6. Oakland 6, Milwaukee 5 (1984)
This was pretty crushing. Rollie Fingers, after missing the entire 1983 season with injury, was back on the mound for Milwaukee, facing the Athletics team with which he had won three championships, no less. The Brewers scored twice in the top of the ninth to take a 5-2 lead, and Fingers checked in after Chuck Porter surrendered a leadoff homer to Davey Lopes in the bottom of the ninth. Fingers faced three batters and retired none of them — all singles — and Bob McClure couldn’t get out of the jam. Oakland finished with four runs in the inning, scoring the last on Jim Gantner’s throwing error when he tried to end the game with a double play. Fingers took the loss but he finished the year with a 1.96 ERA, so it wasn’t all bad.
5. Cincinnati 7, Milwaukee 6 (2011)
We can laugh about it now because the Brewers won the division that year and made the NLCS, but the opener was a crushing disaster to kick off 2011. Milwaukee opened the season with back-to-back home runs by leadoff man Carlos Gómez and second baseman Rickie Weeks, then took a 3-0 lead after another run in the first. The lead was 6-3 going to the ninth when John Axford entered and allowed the first two men to reach, but there were two outs and a run in when Ramón Hernández stepped to the plate and hit a three-run blast that sent the Brewers to a jaw-dropping defeat. Milwaukee lost the first four games of the season that year. The Brewers still finished 96-66.
4. Milwaukee 6, Minnesota 5 (2021)
With fans back in the stands for the first time in over a year as the world continued to combat the COVID-19 pandemic — albeit in a limited capacity — Milwaukee staged a thrilling comeback, capped by Travis Shaw’s two-run double with two outs in the ninth and Orlando Arcia’s fielder’s-choice winner in the 10th. Lorenzo Cain’s head-first slide evaded the tag from catcher Mitch Garver and accounted for the winning run. Shaw, who’d played the 2020 season in Toronto, returned to the Brewers at the start of 2021 and plated the tying two runs against Alex Colomé.
3. Milwaukee 5, St. Louis 4 (2019)
The game had a little of everything that represented what made the Brewers great the preceding year, when they reached the seventh game of the NLCS. Reigning NL MVP Christian Yelich hit a big homer, a pitcher (Jhoulys Chacín) homered and center fielder Lorenzo Cain made two great catches, including a game-saving snare that took away a tying home run and ended the game in the ninth.
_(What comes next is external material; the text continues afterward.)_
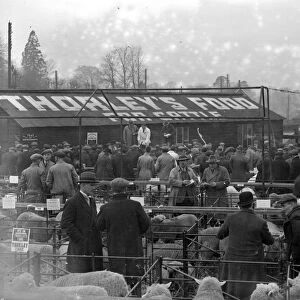 Sevenoaks Xmas Market. 1933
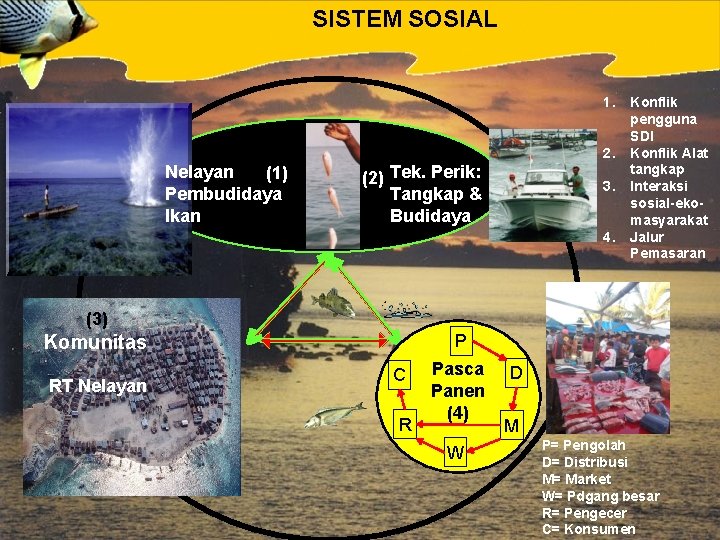 SISTEM SOSIAL 1. 2. Nelayan (1) Pembudidaya Ikan (2) Tek. Perik: Tangkap & Budidaya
Josh Hader got the save after striking out the side on 11 pitches in the eighth and working through the ninth. Milwaukee wound up winning one of the two National League wild-card spots that season.
2. Milwaukee 4, Chicago Cubs 3 (2008)
An unforgettable opener to a season that finished in the playoffs for the first time in 26 years, although it was an arduous experience for Brewers fans. Milwaukee broke through in a scoreless game with three runs in the ninth, picking up a Ryan Braun RBI single and a two-run double from Corey Hart, but Eric Gagné allowed each of the first three batters he saw in the ninth to reach — with Kosuke Fukudome homering to tie the game. Gagné rebounded to get the three outs he needed, Tony Gwynn Jr. delivered a go-ahead sacrifice fly in the 10th, and David Riske worked a 1-2-3 bottom half at Wrigley Field to save the Brewers from a disastrous loss. Milwaukee, of course, needed all 90 of its wins to claim the wild card that year on a dramatic final day of baseball.
1. Milwaukee 9, Boston 5 (1980)
Sixto Lezcano! Boston scored twice in the top of the ninth on home runs by Carl Yastrzemski and Butch Hobson to tie the game against Jim Slaton, but the Brewers went to work with two outs in the bottom half. With two outs, Ben Ogilvie was intentionally walked, and Gorman Thomas drew an old-fashioned walk to load the bases for Sixto, whose grand slam into the right-field bullpen sent the Milwaukee fans home with a thrill.
A first version of this story appeared in 2019.